Demnach, so nehmen die meisten Forscher an, stimmt etwas mit der Materieverteilung im Universum nicht. Es müsse neben der handelsüblichen Materie noch eine andere, dunkle Materieform gibt. "Dunkel" wird sie deswegen genannt, weil sie kein Licht oder andere Strahlung reflektiert und deshalb nicht zu sehen ist.

Schätzungen zufolge bestehen Galaxien wie etwa die Milchstraße zu 90, vielleicht sogar zu 95 Prozent aus dieser Dunklen Materie.
->   Dunkle Materie - direkter Nachweis gelungen (22.8.06)
Warme und kalte Dunkle Materie simuliert
Liang Gao und Tom Theuns behaupten in ihrer Studie, dass die Struktur der frühesten Sterne weitere Geheimnisse über die Dunkle Materie, aber auch über die Anfänge des Universums preisgeben kann. Sie simulierten, wie sich Teilchen von Dunkler Materie verhalten, je nachdem, ob sie energiereich ("warm") oder energiearm ("kalt") sind.

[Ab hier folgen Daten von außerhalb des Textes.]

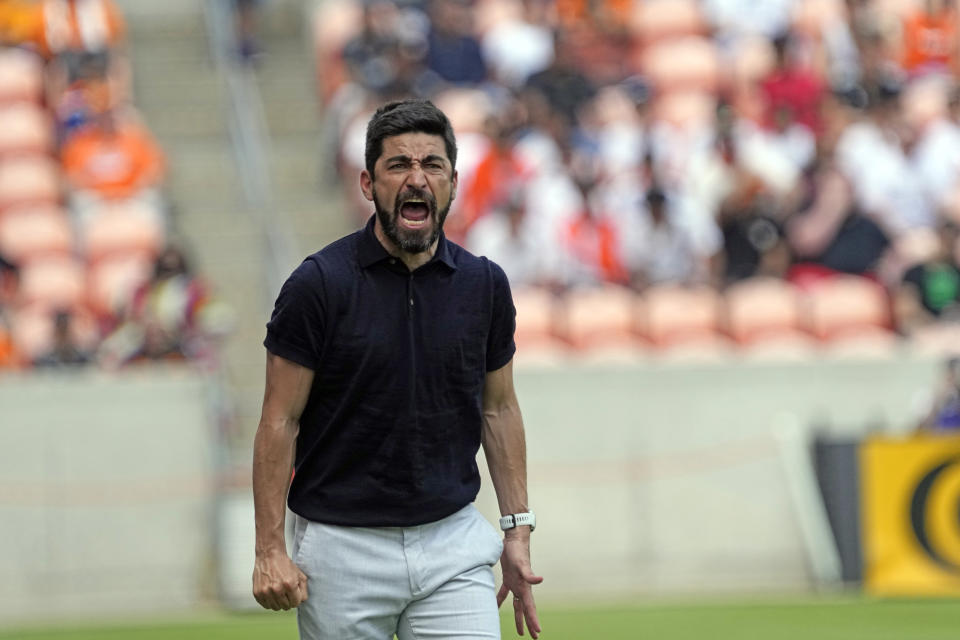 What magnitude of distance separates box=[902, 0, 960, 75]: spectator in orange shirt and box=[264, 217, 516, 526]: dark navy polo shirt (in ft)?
40.6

Die Frage, ob Strukturen im Universum wie beispielsweise Galaxiengruppen aus kalter oder warmer Dunkle Materie entstanden sind, ist noch immer umstritten. Bisher ging man aber davon aus, dass es sich wahrscheinlich um die kalte Variante gehandelt hat.
Extrem lange Fasern
 
Bild: Science

Gao und Theuns haben nun beide Zustände simuliert, wobei sie die warme Dunkle Energie aufgrund des geringen Wissensstands zu ihrem Verhalten besonders interessierte. Laut ihren Berechnungen hätten sich die warmen Teilchen zu extrem langen Fasern zusammengefügt (siehe Bild oben).
Wie auf "Schnüren" aufgefädelt
 
Bild: Science

"Diese Fasern wären rund 9.000 Lichtjahre lang gewesen, was ungefähr ein Viertel der Größe unserer Milchstraße ist", erklärt Gao in einer Presseaussendung der Universität Durham. Die Forscher nehmen an, dass sich die ersten Sterne im Rahmen einer riesigen Explosion innerhalb dieser Fasern gebildet haben, sie aber dennoch wie auf "Schnüren" aufgefädelt blieben.
Klumpen bei kalter Materie
 
Bild: Science

Verwendeten die beiden Forscher für ihre Simulation kalte Dunkle Materieteilchen, entstand ein ganz anderes Bild: Die Sterne bildeten sich vergleichbar mit Klumpen heraus.
Hoffnung auf Bilder aus dem Weltall
Um die Frage des Energiezustands der Teilchen klären zu können, hoffen Gao und Theuns auf Bilder aus dem Weltall. War warme Dunkle Materie im Spiel, könnten einige der damals gebildeten Sterne über besonders wenig Masse verfügen.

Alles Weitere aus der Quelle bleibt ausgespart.